Marion Carll Heirs File Lawsuit Against Commack School District

Heirs seek repossession of the property, claiming the school district has failed use it for educational purposes.

The heirs to the Marion Carll Farm are seeking to regain possession of the historic property donated to the Commack School District more than 40 years ago, and school officials may willingly hand over the deed.

Commack School District was served with a 13-page lawsuit, filed March 16 in Suffolk County Supreme Court, from the heirs of the Marion Carll Farm who seek the return of the historic property.

The Marion Carll heirs claim the district has failed to maintain the property as a museum and use it for educational purposes, as outlined under stipulations of the donation.

Under the provisions of Carll Will, Commack school district was "to maintain the buildings there on as historical museums" and "utilize the land as a type of farm school, school or camp for benefit of the children... ."

However, the Marion Carll Farm has been shuttered, largely off limits to the public since it was donated to the school district in 1969 with one notable exception. , building a one-room schoolhouse for educational programs and renovated a few of the barns.
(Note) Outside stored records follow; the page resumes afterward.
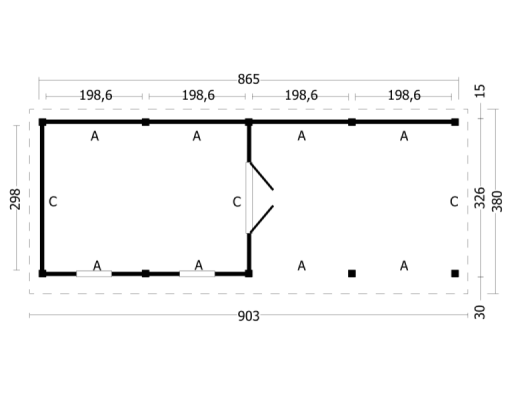 67810390d75ff-d19911b6dcb7ea62011c5738c25d42a71f275db2-p066466-pg-v02-0-202501png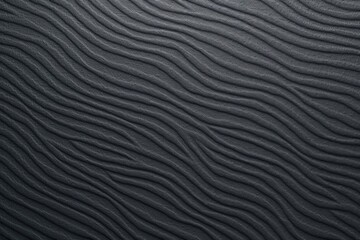 Dark tone minimalistic texture background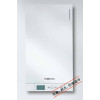 菲斯曼壁挂炉 Vitopend 100-W A1HC 36KW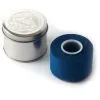 Ropeless Tape + Dose - Tape 1 Ropeless Tape + Dose - Tape -Schlingen Verkäufe ropeless tape dose tape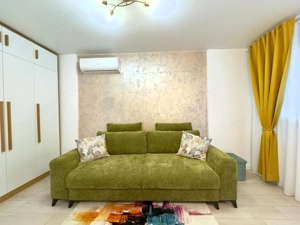 Garsonierea Noua, Prima închiriere -  Comision 0% pentru chiriaș! - imagine 4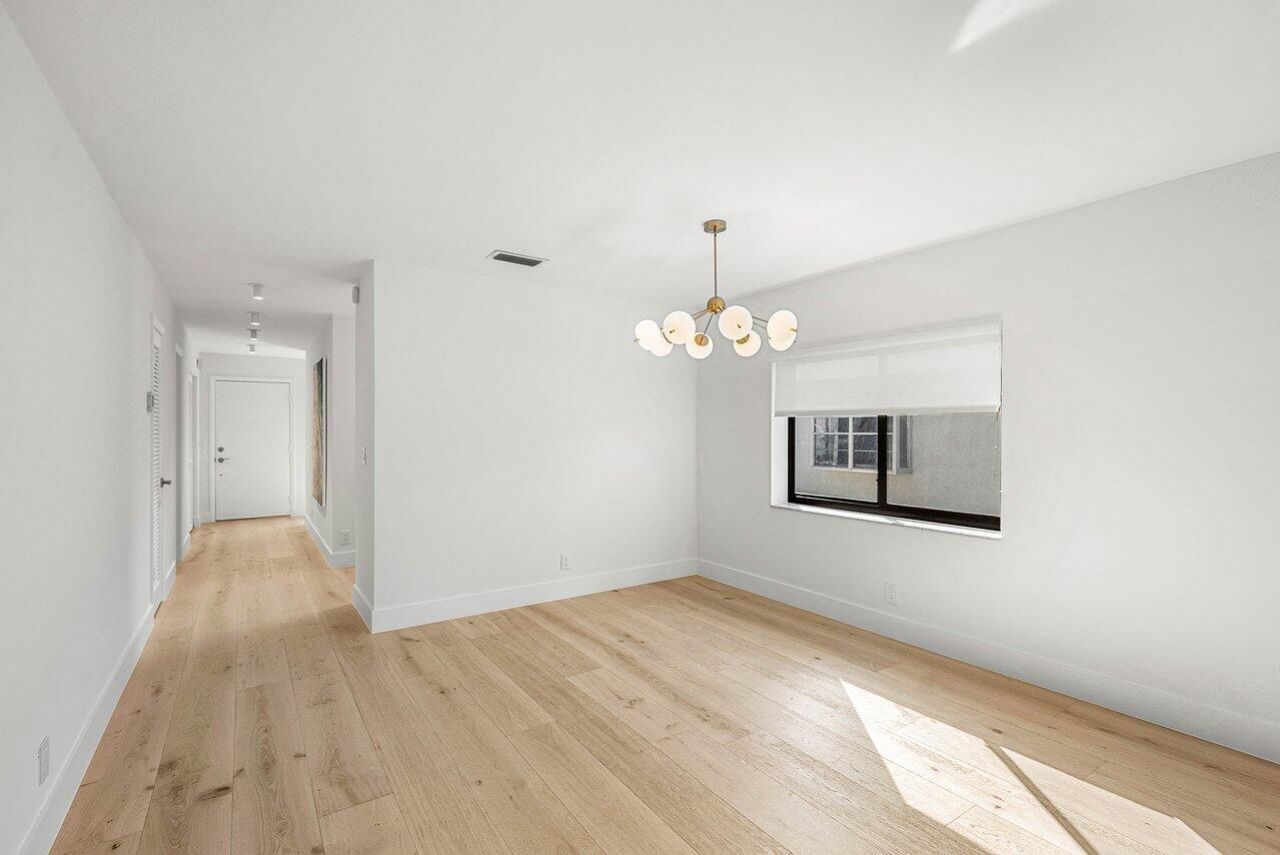 13921 Royal Palm Court, Unit B, Delray Beach, FL 33484 Photo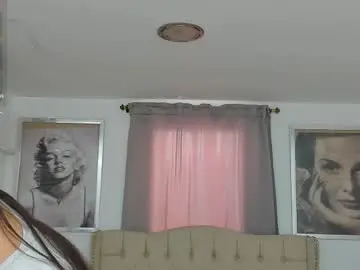 Chaturbate Private Sex Chat of beautyari_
Since then, Commack School District has struggled to maintain the property, as several of the buildings are falling into state of disrepair. Laura Neumann, assistant superintendent for business, announced the property has cost the district $125,935.87 for the current 2011-12 school year, mostly in legal fees.

Superintendent Donald James said he district has been served with the lawsuit, but has yet to respond.

"We are studying it. We are preparing a response after consulting with the board," James said at the April 19 board meeting.

Commack Board of Education has tried to find potential future use and development of the Marion Carll Farm.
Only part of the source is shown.